Improve support for 512-bit Vector<T> #111472

saucecontrol · 2025-01-15T21:44:49Z

Fixes tests that had bogus failures (e.g. not enough test data)
Adds tests to cover some existing broken paths
Fixes JIT and CoreLib paths that did not support 512-bit Vector<T> or assumed AVX2 support meant Vector<T> was 256-bit
Enables support for --max-vectort-bitwidth:512 in AOT and adds a smoke test for it
Ensures Vector<T> is no larger than PreferredVectorBitWidth

Tests pass locally (AVX-512 machine) with DOTNET_MaxVectorTBitWidth=512 and DOTNET_MaxVectorTBitWidth=128

I believe this also addresses any problems that prevented opportunistic enablement of AVX2 on AOT when AVX is enabled, but I'll do some more testing around that and make a separate PR for that change if all is well.

saucecontrol

CC @tannergooding. This is ready for review.

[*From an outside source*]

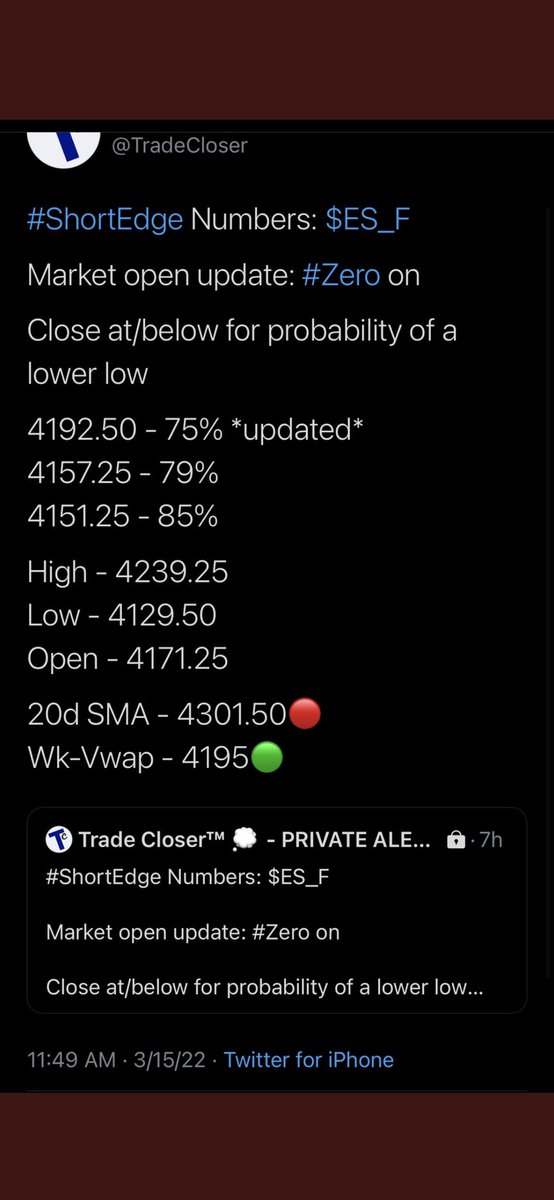 TradeCloser's tweet photo. Past example of using the #ShortEdge to go long into the end of day close.
Typically when making this decision I am looking at the #ShortEdge price level as we approach the “last half of the trading day” https://t.co/Tmjzi0imvQ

Would it be all right to add the alt-sized Vector<T> configs to one of the jitstress-isas pipelines?

saucecontrol · 2025-01-16T02:44:48Z

src/tests/readytorun/HardwareIntrinsics/X86/CpuId_R2R_Avx.csproj

@@ -17,6 +17,6 @@
  </PropertyGroup>

  <ItemGroup>
-    <Compile Include="CpuId.cs" />
+    <Compile Include="../../../JIT/HardwareIntrinsics/X86/X86Base/CpuId.cs" />


The local copy of these tests had been bit rotting for a while. I could bring it up to date, but it seems reasonable to just share it with JIT.

saucecontrol · 2025-01-16T02:50:59Z

src/tests/JIT/Regression/JitBlue/Runtime_34587/Runtime_34587.cs

-                succeeded &= VectorByteCount == 32;
+                // MaxVectorTBitWidth env variable can be used to change Vector<T> size.
+                // We can only assume it is at least 16 bytes.
+                succeeded &= VectorByteCount >= 16;


I kept changes to the regression tests minimal -- this is handled more robustly in the CpuId tests.

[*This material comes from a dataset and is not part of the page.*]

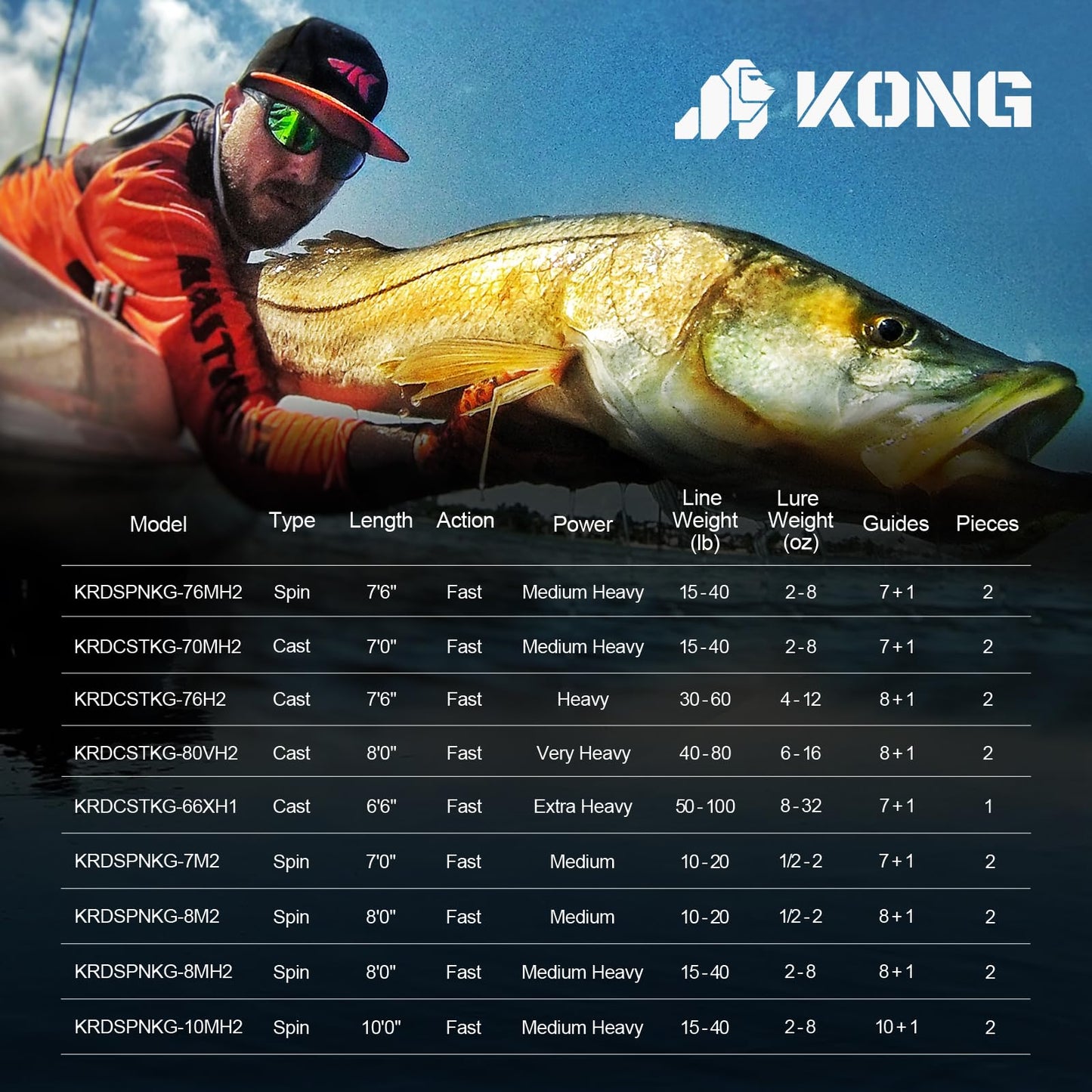 KastKing Kong Fishing Rod, Spinning Rod 2 pc 8' MH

tannergooding · 2025-01-16T19:02:55Z

/azp run runtime-coreclr jitstress-isas-x86

azure-pipelines · 2025-01-16T19:03:14Z

Azure Pipelines successfully started running 1 pipeline(s).

xtqqczze · 2025-01-17T15:54:33Z

We do not guarantee alignment of writes in SpanHelpers.Fill<T>, which means using an AVX-512 path could potentially regress performance due to stores that cross a cache line boundary (64 bytes). Since AVX-512 operates with a width of 64 bytes, any misalignment of writes ensures that a cache line split will occur.

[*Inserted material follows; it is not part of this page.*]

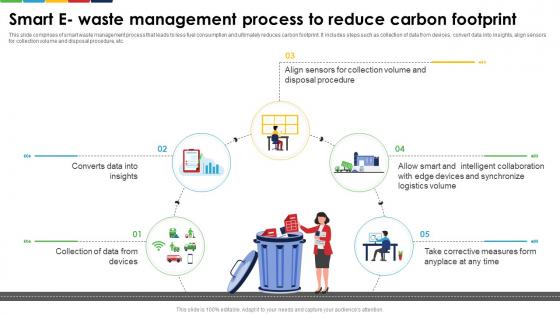 Smart E Waste Management Process To Reduce Carbon Footprint Enhancing E Waste Management System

tannergooding · 2025-01-17T17:09:36Z

which means using an AVX-512 path could potentially regress performance due to stores that cross a cache line boundary (64 bytes)

That's an issue with the code using Vector<T> without either pinning or attempting opportunistic alignment. The issue already exists due to the variable sized nature of Vector<T> and us not guaranteeing a maximize size.

It's not a blocker for this PR which enables opt-in usage of Vector<T> as Vector512<T>, nor would it be an issue for say Arm64 SVE where Vector<T> can be up to 2048 bits (although no such hardware exists today).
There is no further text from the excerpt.